The Franschhoek Literary Festival17 to 19 May – is just around the corner and it promises to be another exciting literary adventure. We are thrilled to be involved. You can listen to and meet Karavan Press at the following events:

FRIDAY

11:30-12:30 | [6] THE SOLACE OF STORY
OLD SCHOOL HALL
When the world is falling apart, a novel can help. John Maytham digs into the empathetic and cathartic power of fiction with Andrew Brown, whose new thriller, The Bitterness of Olives, is set against the backdrop of the Israel–Palestine crisis; and with Ian Sutherland, whose new historical novel Catastrophe deals with the Chernobyl nuclear meltdown of 1986.

13:00-14:15 | [18] THAT’S WHAT SHE SAID (Screening)
FRANSCHHOEK THEATRE
Natasha Sutherland’s inventive documentary begins by observing the making of a stage adaptation of Tracy Going’s book Brutal Legacy, in which she reveals her past experience of abusive relationships. It then documents the frank conversations that follow between members of the audience. A powerful social dialogue about men, women and violence.

14:30-15:30 | [26] GOOD THINGS IN SMALL PACKAGES
COUNCIL CHAMBERS
In an age of attention deficits, short fiction is in demand. Diane Awerbuck (Inside Your Body There Are Flowers) discusses the nuts and bolts of the form with three writers: Troy Onyango (For What Are Butterflies Without Their Wings), Frankie Murrey (Everyone Dies) and Dawn Garisch (What Remains).

16:00-17:00 | [32] TURNING THE TIDE
CONGREGATIONAL CHURCH
Anti-GBV awareness campaigns are not stopping the war waged on women by violent men. What will? How will the codes of South African masculinity be rewritten?
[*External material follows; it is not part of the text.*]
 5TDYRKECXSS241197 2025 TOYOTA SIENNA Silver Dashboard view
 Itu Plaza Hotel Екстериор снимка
Tracy Going (Brutal Legacy) speaks to Andy Kawa (Kwanele, Enough!) and Joy Watson (Striving for Social Equity).

SATURDAY

10:00-11:00 | [47] A HOME IS NOT A HOUSE (Screening)
FRANSCHHOEK THEATRE
Written by Lester Walbrugh (Elton Baatjies) and directed by Earl Kopeledi, this short film is a bold exploration of Cape Town’s class and race chasms – and the weight of personal histories. Three homeless people are tasked with retrieving a hard drive from a beachside bungalow. They stick around to luxuriate, but then it gets complicated …
Lester Walbrugh and Earl Kopeledi will give a short Q&A after the screening.
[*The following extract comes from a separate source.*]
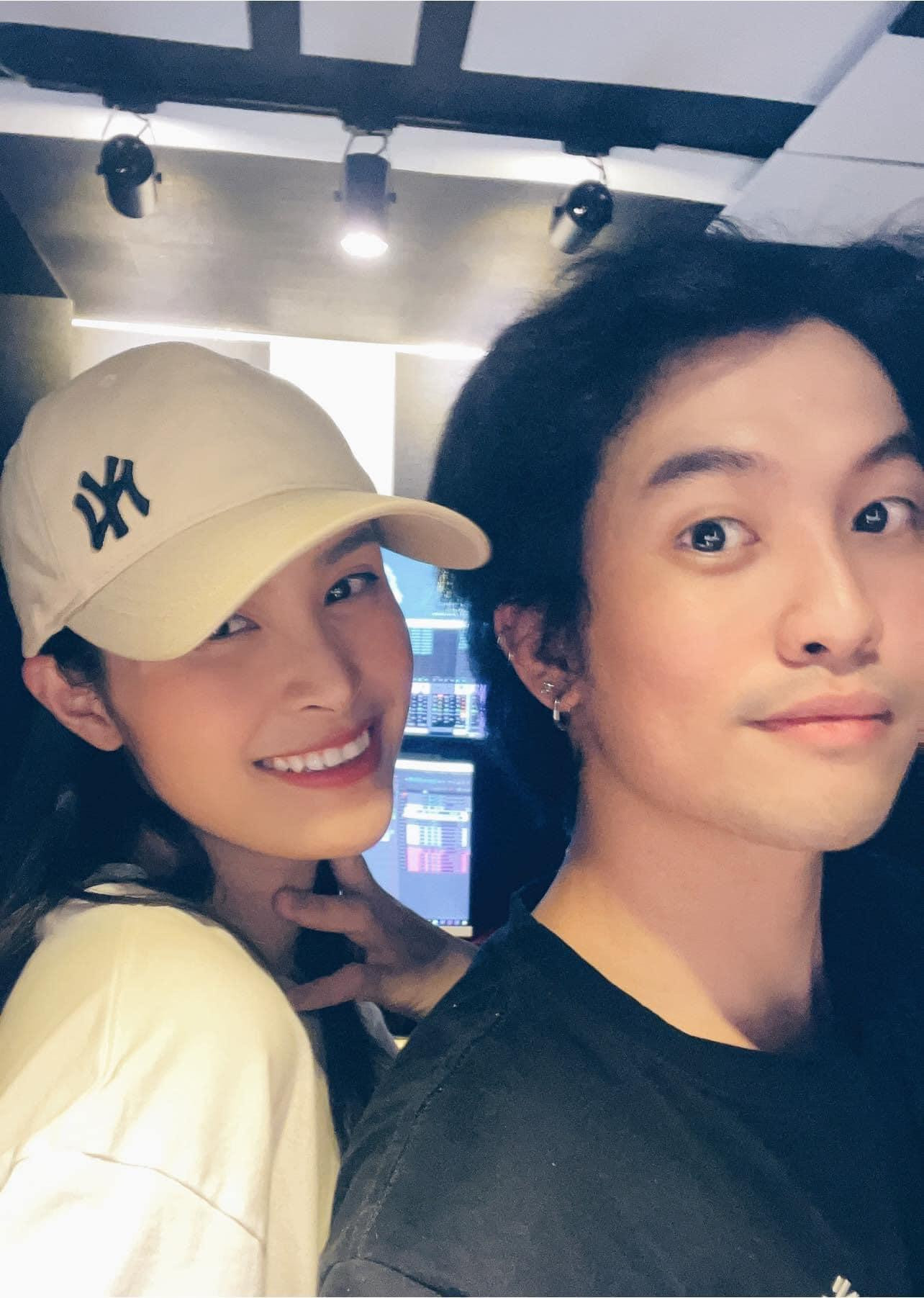 Nhà Potatoes (FC Đông Nhi) vô cùng háo hức khi thấy nữ ca sĩ trở lại phòng thu.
13:00-14:00 | [61] THE GRIM READER
CHURCH HALL
“No two people ever read the same book”, reckoned literary critic Edmund Wilson. Even so, a writer’s imaginary reader can become a singular presence — one that variously needs to be defied, satisfied, seduced or erased. 2023 Sunday Times Literary Awards winner, C.A. Davids (How to Be a Revolutionary) swaps notes on readers with Karen Jennings (Crooked Seeds), Ivan Vladislavić (The Near North) and Craig Higginson (The Ghost of Sam Webster).

13:00-14:00 | [64] SIGNS OF A STRUGGLE
HOSPICE HALL
Sponsored by Pam Golding Properties
Thobeka Yose (In Silence My Heart Speaks) tells Sara-Jayne Makwala King about her experience of parenting a transgender child – and of understanding her child’s attempted suicide. How can parents of teenagers recognise a crisis, and fight the transphobia that inhibits teens from seeking help?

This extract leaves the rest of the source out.